Leaving the body, folks who have such transcendent experiences often describe leaving their bodies and being whisked up either through a “tunnel” or past planets and stars and “galaxies.” In other words, perhaps we think of as a mechanical arrangement of stars and planets are instead other-dimensional (spiritual).
When it comes to the sky, we all know about the unpredictability of asteroids and comets. There is no way of knowing when one will pass by (or hit). There are millions of such bolides in our solar system alone, not to mention whatever may be from other solar systems and other galaxies.
There also can be electromagnetic waves. Could something instantly broil our planet — our entire solar system — or darken it?
“According to a recent paper, the earth is caught directly in the crosshairs of a cosmic hurricane,” notes a news report. “A swarm of nearly a hundred stars, accompanied by an even greater amount of dark matter, is aimed directly at our stellar neighborhood and there’s nothing we can do to stop it; in fact, the vanguard is already upon us.”
It sounds, points out the report, like the perfect summer blockbuster movie.
Dangerous? They don’t think so. What it amounts to is the notion (they would say discovery) that stars from a dwarf galaxy that once collided with ours are headed in the opposite direction — fanning out and going against the normal galactical star traffic.
Nothing is expected to hit us.
However, in dwarf galaxies, they theorize, is a disproportionate amount of “dark matter” — a hypothetical form of matter that scientists have contrived to explain movements in space they can’t otherwise explain.

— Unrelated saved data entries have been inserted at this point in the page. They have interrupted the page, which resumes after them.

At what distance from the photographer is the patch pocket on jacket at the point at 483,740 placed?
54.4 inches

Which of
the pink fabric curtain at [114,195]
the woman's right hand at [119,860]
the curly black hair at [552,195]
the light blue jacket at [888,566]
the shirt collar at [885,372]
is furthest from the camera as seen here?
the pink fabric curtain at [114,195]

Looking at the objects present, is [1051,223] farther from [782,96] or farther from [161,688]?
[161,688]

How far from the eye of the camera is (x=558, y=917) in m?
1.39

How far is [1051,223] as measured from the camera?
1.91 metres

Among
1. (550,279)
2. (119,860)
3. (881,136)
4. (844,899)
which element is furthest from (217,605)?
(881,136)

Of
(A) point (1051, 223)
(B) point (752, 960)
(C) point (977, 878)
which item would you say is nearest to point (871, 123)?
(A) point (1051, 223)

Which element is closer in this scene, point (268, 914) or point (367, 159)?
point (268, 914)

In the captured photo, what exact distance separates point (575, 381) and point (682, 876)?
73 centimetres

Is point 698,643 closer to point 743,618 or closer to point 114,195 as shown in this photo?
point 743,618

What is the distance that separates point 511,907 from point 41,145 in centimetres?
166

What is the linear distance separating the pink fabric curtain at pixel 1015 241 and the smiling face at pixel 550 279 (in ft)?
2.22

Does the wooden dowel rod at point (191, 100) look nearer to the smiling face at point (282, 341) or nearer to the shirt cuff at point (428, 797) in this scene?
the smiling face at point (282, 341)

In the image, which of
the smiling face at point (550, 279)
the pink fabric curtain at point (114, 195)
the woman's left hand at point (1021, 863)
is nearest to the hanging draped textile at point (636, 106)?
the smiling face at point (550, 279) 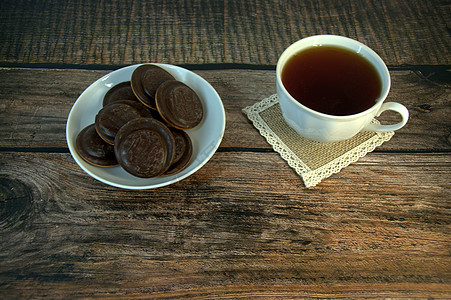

In other words, they have a name for something that hasn’t even been discovered yet.
Time for scientists to realize their limitations (and dismount the high horse).
Really, only God, only His angels, only Jesus, only those who have traversed the dimensions, know. Jesus did say there is an “outer darkness.”
But that pertained to lowest purgatory or hell.
Science can be good. Learning is important. But let us realize that prayer reveals more than any telescope and that: the most important knowledge is spiritual, which in quantity constitutes wisdom.
Says Proverbs, 10:21, fools die for lack of it.